Artificial Neural Network-Based Classification of Water Quality Status in Ornamental Fish Farming Using IoT Sensor Data

Nur Aziezah; Walidatush Sholihah; Faldiena Marcelita; Inna Novianty; Andri Hendriana; Ima  Kusumanti

doi:10.58797/cser.030302

Authors

Nur Aziezah Department of Software Engineering Technology, School of Vocational Studies, IPB University, Jl. Raya Darmaga Kampus IPB, Jawa Barat 16680, Indonesia
Walidatush Sholihah Faculty of Science and Engineering, University of Groningen, Broerstraat 5, 9712 CP Groningen, The Netherlands
Faldiena Marcelita epartment of Software Engineering Technology, School of Vocational Studies, IPB University, Jl.
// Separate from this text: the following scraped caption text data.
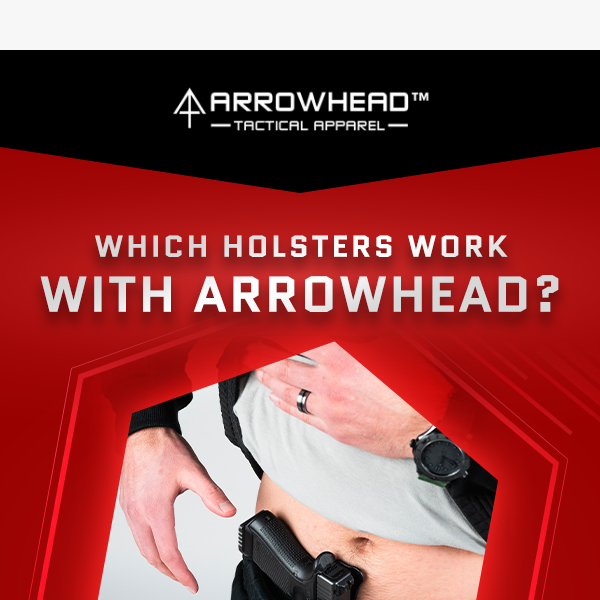 Will Your Holster Work with Arrowhead?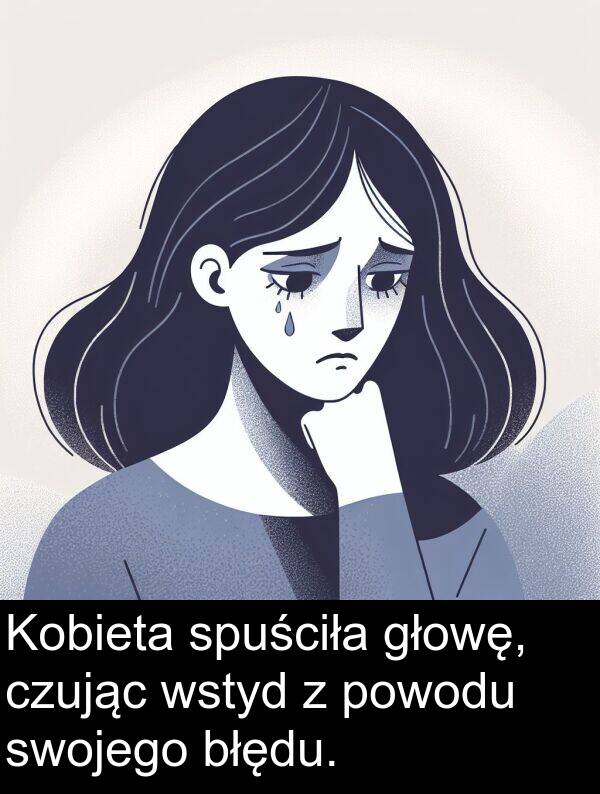 powodu: Kobieta spuściła głowę, czując wstyd z powodu swojego błędu.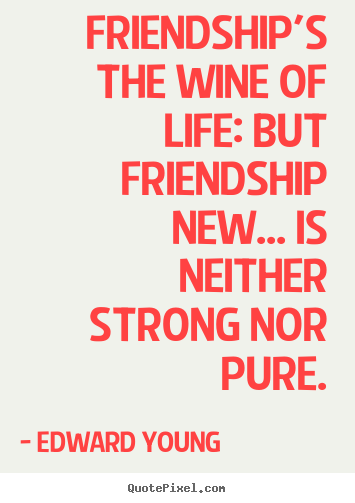 Make photo quote about friendship - Friendship's the wine of life: but friendship new.....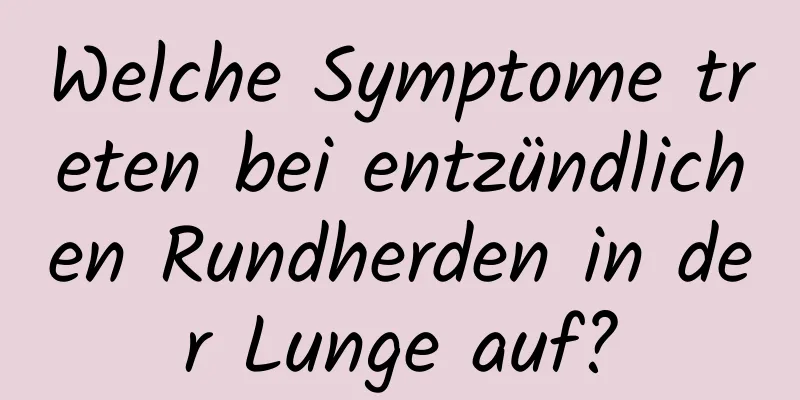 Welche Symptome treten bei entzündlichen Rundherden in der Lunge auf?
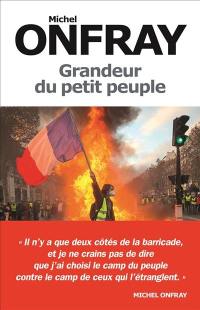 Grandeur du petit peuple : heurs et malheurs des gilets jaunes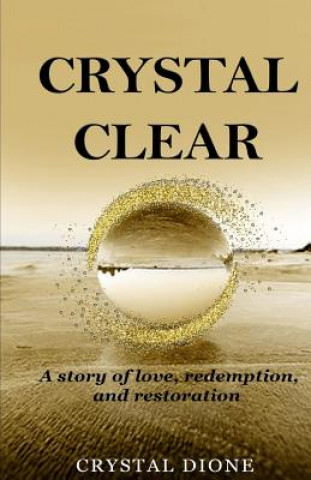 Książka Crystal Clear: A true story of love, redemption, and restoration Crystal Dione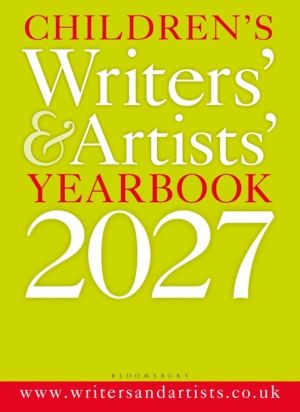 Children's Writers' & Artists' Yearbook 2027 - The best advice on writing a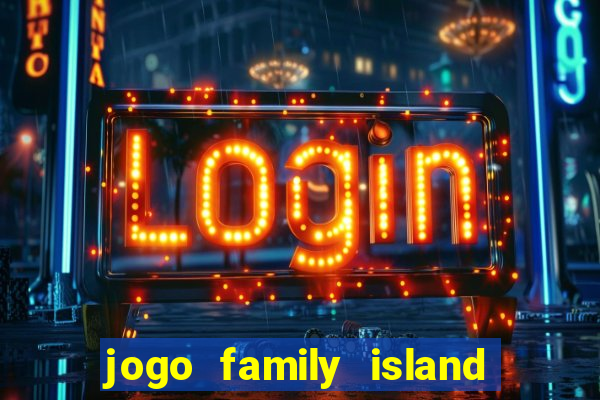 jogo family island energia infinita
Raya Darmaga Kampus IPB, Jawa Barat 16680, Indonesia
Inna Novianty Department of Software Engineering Technology, School of Vocational Studies, IPB University, Jl. Raya Darmaga Kampus IPB, Jawa Barat 16680, Indonesia
Andri Hendriana Department of Technology and Management of Applied Aquaculture, School of Vocational Studies, IPB University, Jl. Raya Darmaga Kampus IPB, Jawa Barat 16680, Indonesia
Ima Kusumanti Department of Technology and Management of Applied Aquaculture, School of Vocational Studies, IPB University, Jl. Raya Darmaga Kampus IPB, Jawa Barat 16680, Indonesia

DOI:

https://doi.org/10.58797/cser.030302

Keywords:

aquaculture, artificial neural network, machine learning, ornamental fish, water quality

Abstract

Water quality plays an important role in sustainable agriculture. Water quality also affects the quality and quantity of fishery production. In ornamental fish cultivation, water quality influences not only production, but also the shape and color of the fish. To achieve optimal results, water quality parameters need to be maintained. Manually monitoring water quality parameters faces many challenges such as being time-consuming and not providing real-time data. This study investigated the application of Artificial Neural Networks (ANNs) in classifying water quality status. This status is based on data collected using sensors in an Internet of Things (IoT)-based monitoring system. The dataset comprised five key parameters: pH, temperature, ammonia, total dissolved solids (TDS), and total suspended solids (TSS). This data was collected from aquariums cultivating the Denison barb (Sahyadria denisonii). Data preprocessing was performed using feature standardization. This aims to improve model performance. The ANN model was constructed with two hidden layers (32 and 16 neurons). This model was trained using the Adam optimizer, with categorical cross-entropy as the loss function. The dataset was divided into 80% for training and 20% for testing. The trained ANN model achieved an accuracy of 99.95%. It has low false-positive and false-negative rates. These results demonstrate the effectiveness of ANN in predicting water quality status using sensor-based data. This suggests its potential for real-time monitoring and decision-making support in small-scale ornamental fish aquaculture.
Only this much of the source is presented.